Have you received a notice of adverse benefit determination for termination, denial, or reduction of your services from your managed care organization (MCO)? Did it stop, deny, or reduce your services for:
- Family Care?
- Family Care Partnership (Partnership)?
- PACE (Program of All-Inclusive Care for the Elderly)?

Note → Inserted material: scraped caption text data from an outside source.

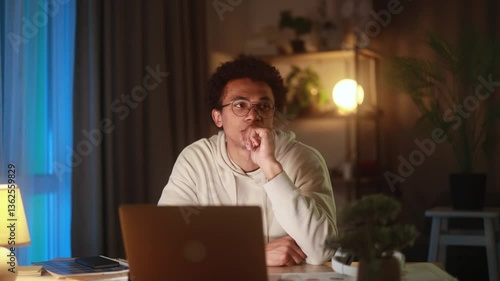 Thoughtful young man sitting at laptop at home in the evening, raising hand while thinking about ideas, options or solutions, pausing to reflect during creative or decision-making process
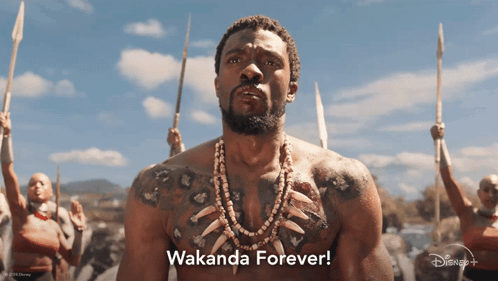 A Man With A Tattoo On His Chest Stands In Front Of A Group Of People Holding Spears And Says " Wakanda Forever " GIF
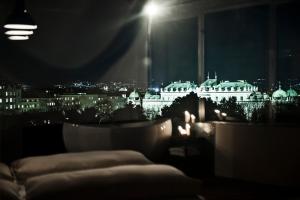 a room with a view of a city at night at Hotel Daniel Vienna - Smart Lifestyle Near City Centre in Vienna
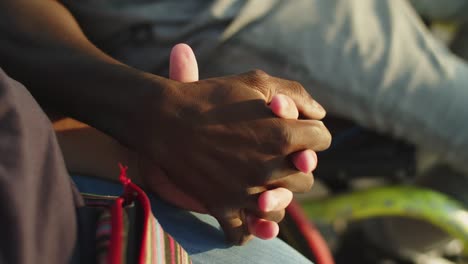 primer plano de una pareja en silla de ruedas tomados de la mano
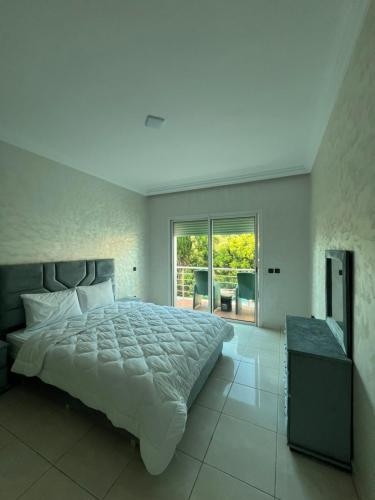 Ένα ή περισσότερα κρεβάτια σε δωμάτιο στο Oceanbreeze Villa Achakar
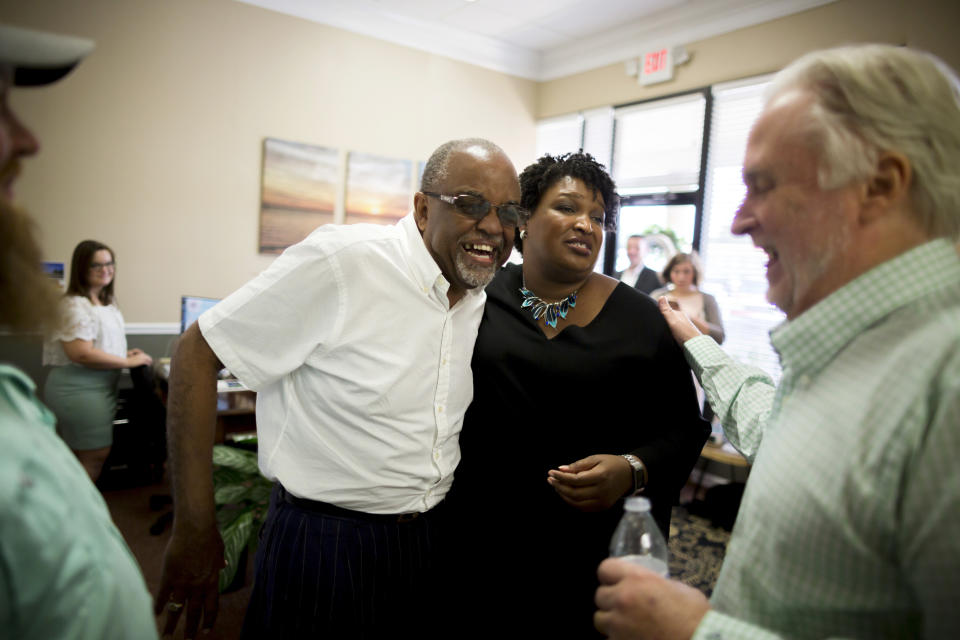 Georgia Democratic gubernatorial candidate Stacey Abrams, center, jokes with State Representative Al Williams, left, at the Coastal Solar office during a campaign stop to announce her "Jobs for Georgia Plan", Thursday, July 26, 2018, in Hinesville, Ga. (AP Photo/Stephen B. Morton)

If yes, and you don’t agree with the decision, you can file an appeal. You have the right to appeal to your MCO’s grievance and appeal committee. You can:
- Appear in person.
- Bring support, such as a friend, family member, or witness.
- Give evidence to the committee.
Before you request an appeal, talk to your care manager or MCO member rights specialist. They may resolve your concern without an appeal. This is called informal resolution. It’s often faster for members.
How to file an appeal
To start the appeal process, either:
- Contact your care manager or member rights specialist at your MCO. See Family Care MCOs Key Contacts (PDF).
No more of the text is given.